Rosset became a film distributor, screening the explicit Swedish flick I Am Curious (Yellow) across the country before the Supreme Court banned it in a landmark case. But his decision to publish a trove of Victorian erotica under the Black Cat imprint made him feminist enemies, and the business couldn’t sustain his ambitions. Anti-Castro activists firebombed Grove’s offices. A union fight further damaged Grove. Rosset suspected the CIA was behind both.
But by the time Rosset sold Grove to heiress Ann Getty in 1985—he was fired shortly thereafter—most people were blaming Rosset. Neil Ortenberg, co-director of Obscene and founder of the now-defunct Thunder’s Mouth Press, was among a group of publishers who tried and failed to buy back Grove with Rosset a few years later. One of his first meetings with his publishing idol—“my shining example”—was in a place Rosset calls “a small-town bar” and which Ortenberg names as the dearly departed strip club Billy’s Topless on Sixth Avenue. Ortenberg later took him to a swankier “gentlemen’s club,” but Rosset found it too fancy.
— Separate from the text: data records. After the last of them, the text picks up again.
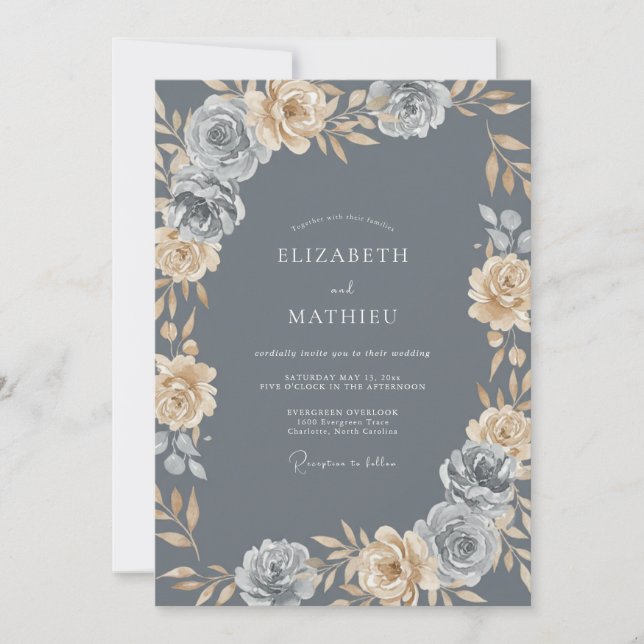 Convites Casamento de Ranunculus Eucalipto Champanhe Slate (Frente)
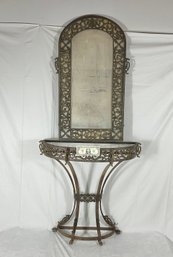 Antique Cast Iron & Brass Italianate Demi Lune Table & Mirror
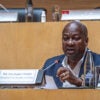 John Dramani Mahama, President of the Republic of Ghana, addresses a press conference on the theme "Ancestral Debt, Modern Justice: Africa's Unified Case for Reparations" during the 39th Ordinary Session of the Assembly of the African Union at the AU Headquarters in Addis Ababa on February 15, 2026. (Photo by Marco Simoncelli / AFP via Getty Images)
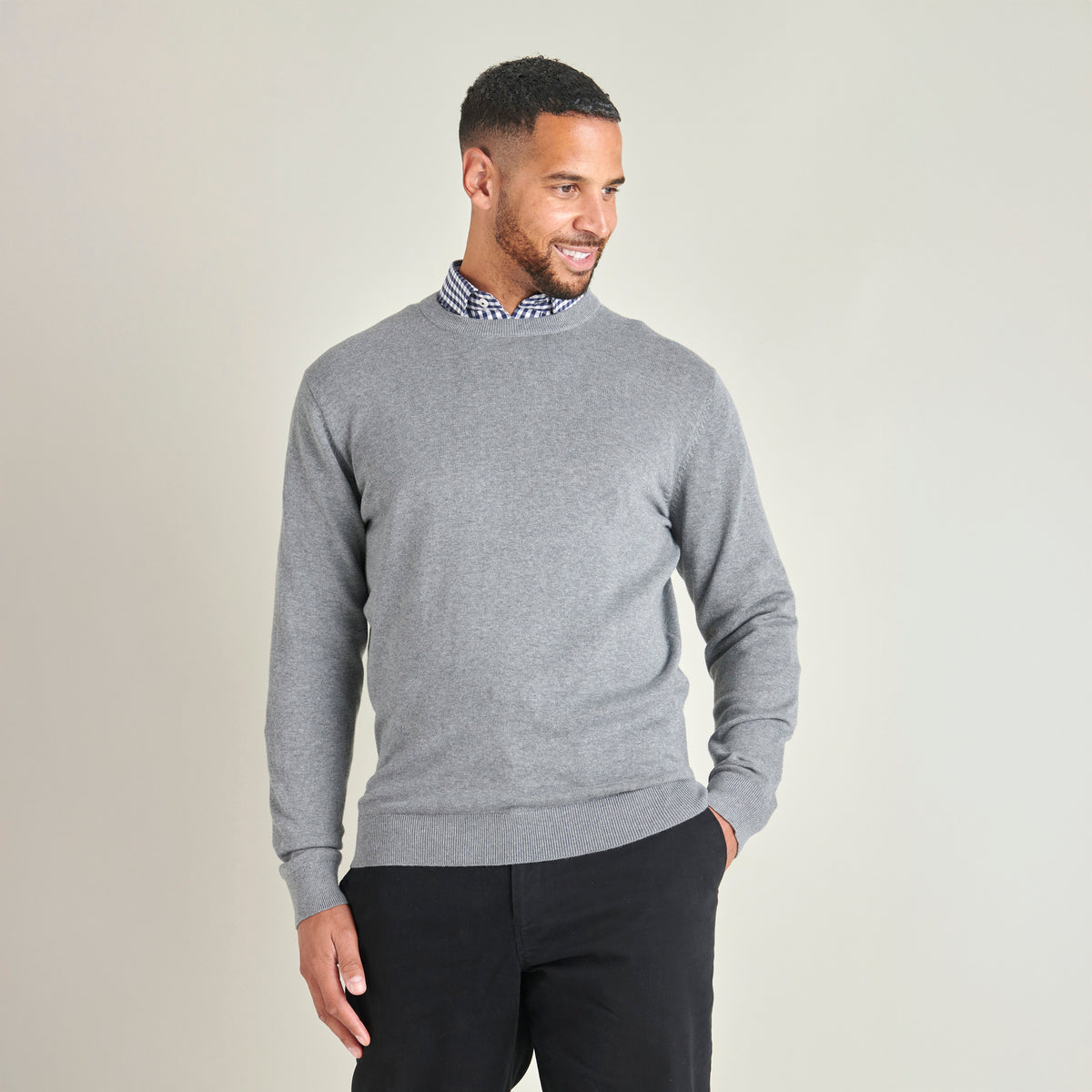 Crew Neck Jumper - Grey - Lifestyle Front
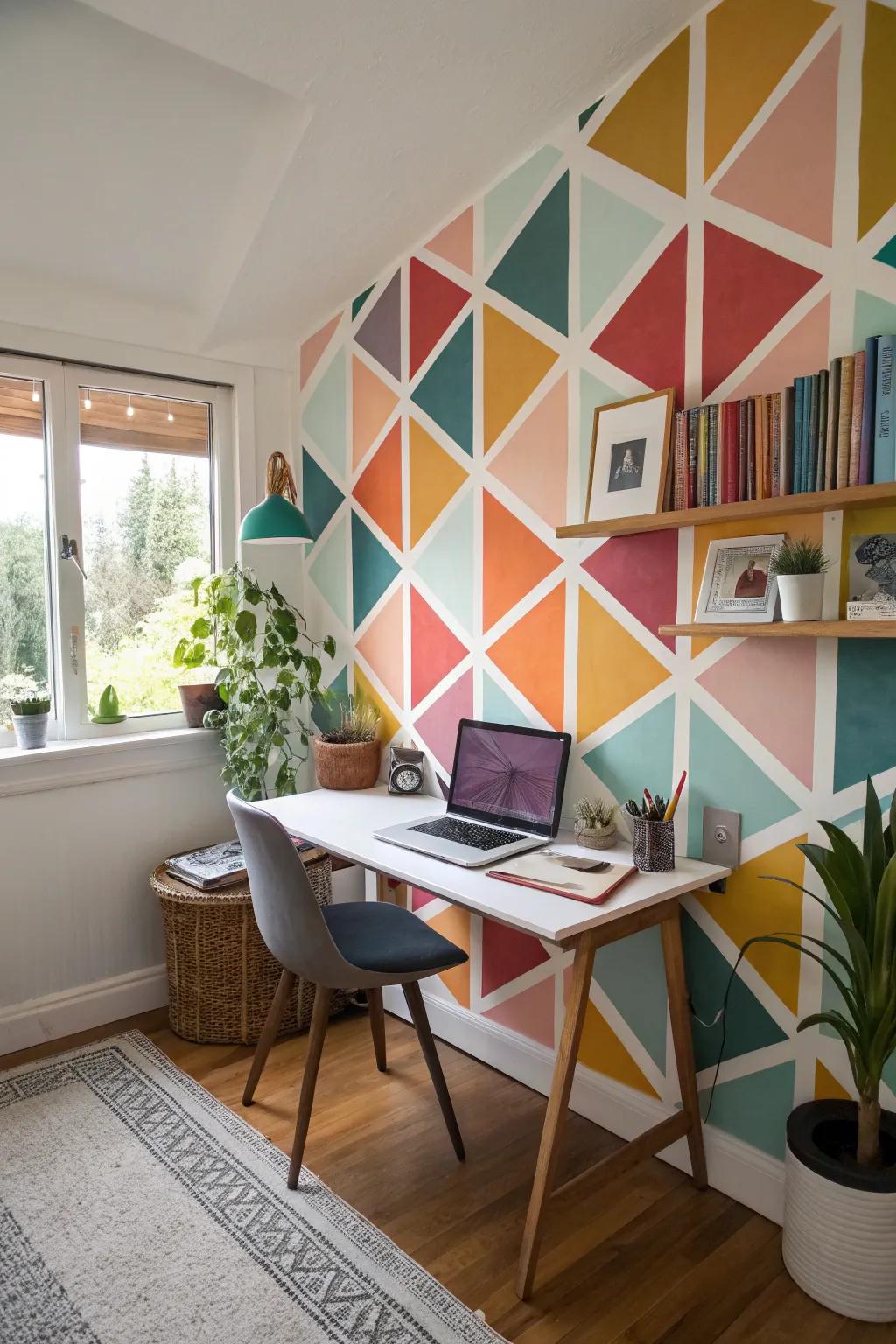 Painted designs infuse a distinctive element into office walls.
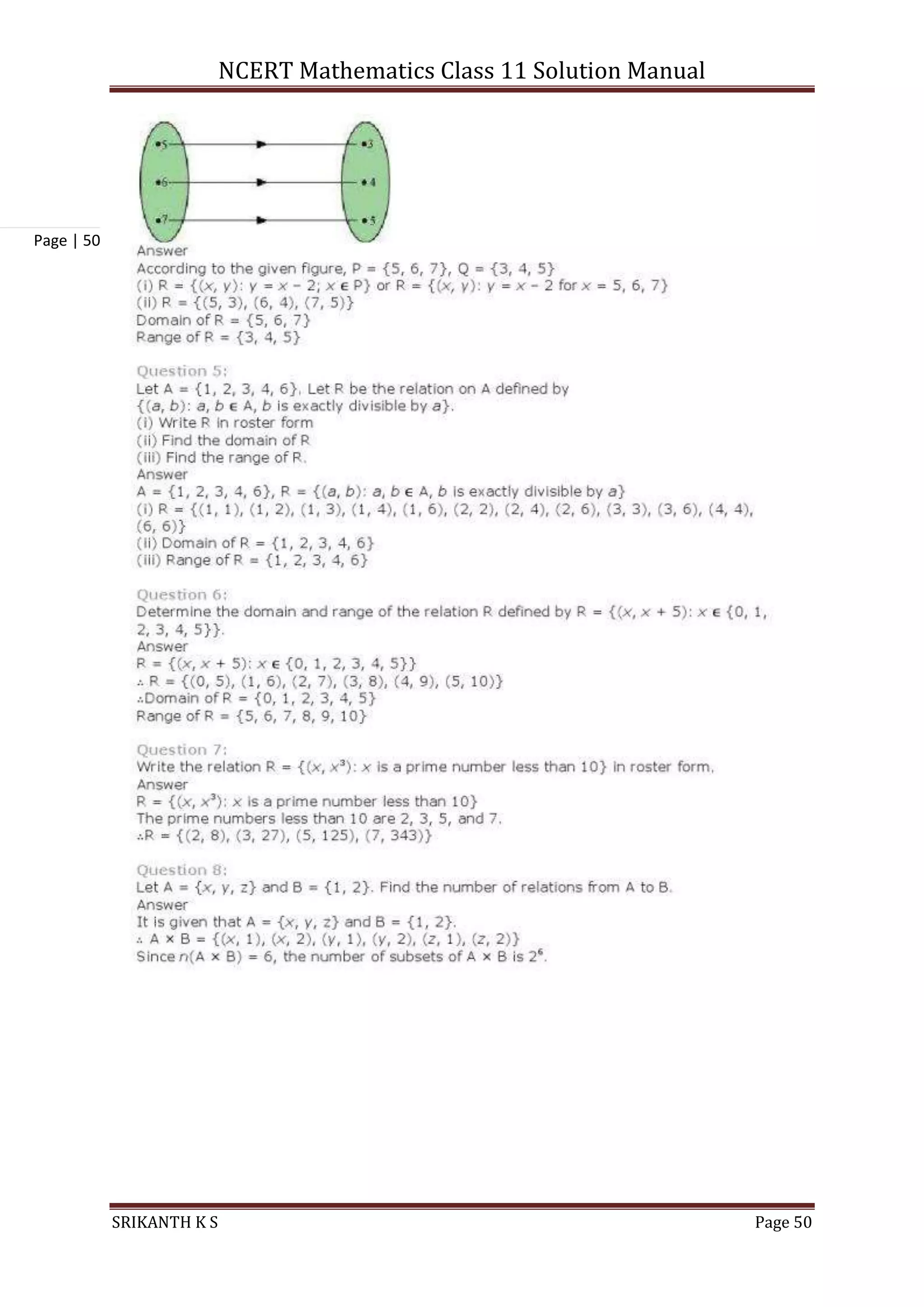 NCERT Mathematics Class 11 Solution Manual
SRIKANTH K S Page 50
Page | 50
 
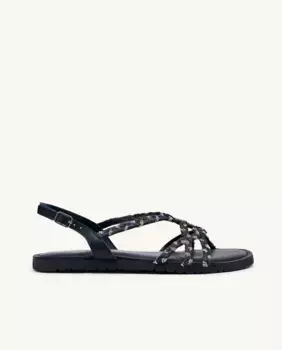 Женские сандалии на плоской подошве с рафией и регулируемой застежкой на пятке Gioseppo, черный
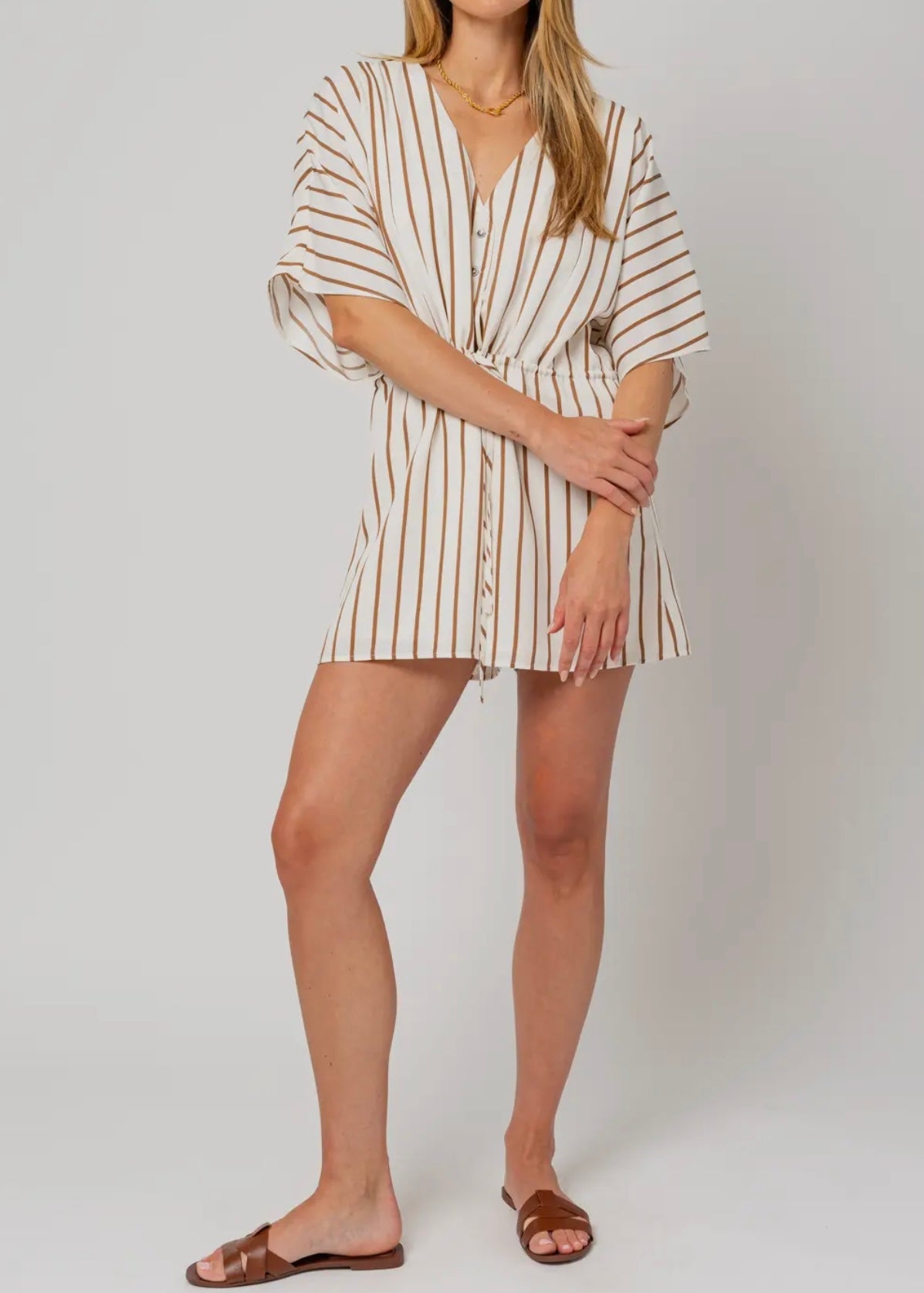 Brandy Kimono Sleeve Stripe Romper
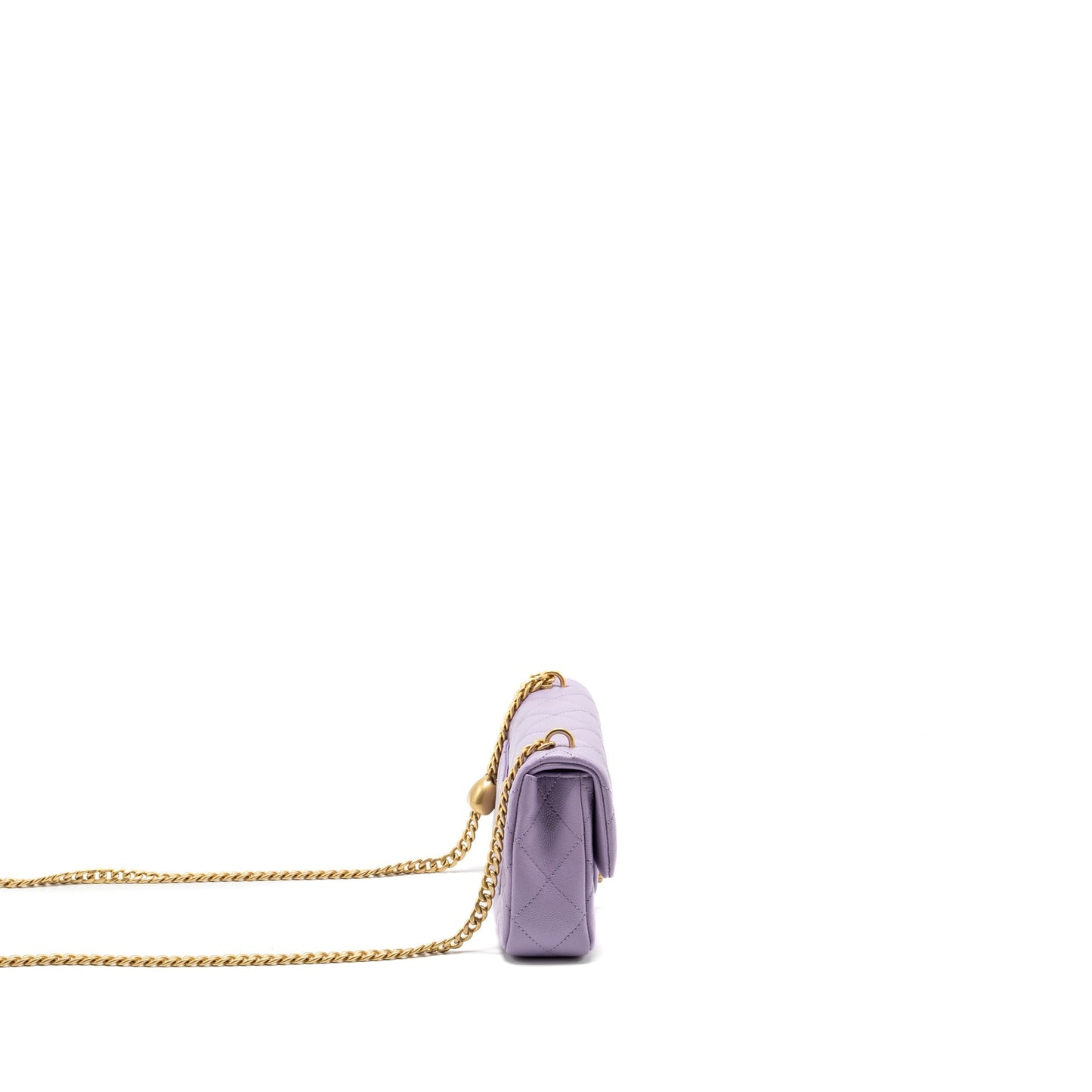 Chanel 24p Coco Love Mini Flap Bag Adjustable Chains Caviar Light Purple  (Microchip)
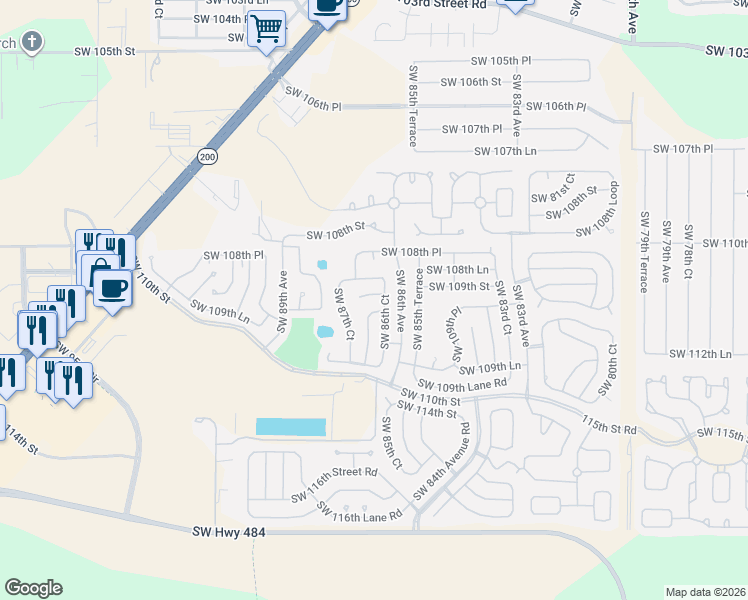 map of restaurants, bars, coffee shops, grocery stores, and more near 8655 Southwest 109th Street in Ocala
Ortenberg thinks Goldstein was only half-right about Rosset’s downfall. “Being a self-destructive person is somewhat different from being a bad businessman,” says Ortenberg, who can easily envision a world where Rosset wouldn’t have receded into the nostalgic haze. “He was a major cultural impresario, and that’s an amazing legacy,” he says. “People know about Hugh Hefner … but to me [Barney’s] the much more significant cultural figure.”